– Eso carece de importancia -dejó claro Ramsey-. No es asunto tuyo.
– Lo sé. Yo sólo soy un sicario. Lo importante es que me pagues. -Te he pagado. Hace dos horas. Todo.
– Bien. Estaba pensando en cogerme unas vacaciones, ir a algún sitio donde haga calor.
– No hasta que te ocupes del nuevo encargo.
– Apuntas alto, almirante. Directamente a la Casa Blanca.
– Apuntar alto es la única manera de conseguir cosas.
– Quiero el doble por éste, la mitad por adelantado, el resto después.

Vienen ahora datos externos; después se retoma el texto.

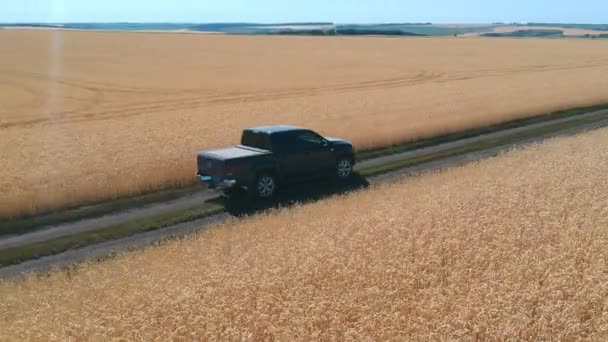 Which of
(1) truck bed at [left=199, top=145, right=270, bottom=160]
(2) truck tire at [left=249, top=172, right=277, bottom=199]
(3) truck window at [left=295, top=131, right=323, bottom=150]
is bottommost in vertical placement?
(2) truck tire at [left=249, top=172, right=277, bottom=199]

A Ramsey le daba lo mismo lo que costara.
– Hecho.
– Y hay algo más -añadió Smith.
Algo se le clavó en las costillas, a través del abrigo, por detrás.
– Tranquilito, Langford -ordenó una voz de mujer-. O te pego un tiro antes de que te muevas.
Diane McCoy.
Malone consultó el cronómetro del avión -las 7.40- y contempló desde la cabina el panorama que se extendía debajo de ellos. La Antártida le recordaba a un tazón boca abajo con el reborde desconchado. Una vasta meseta de hielo de unos tres kilómetros de grosor ribeteada en al menos dos terceras partes de su circunferencia por dentadas montañas negras surcadas de glaciares repletos de grietas que avanzaban hacia el mar; abajo, la costa nordeste no era ninguna excepción.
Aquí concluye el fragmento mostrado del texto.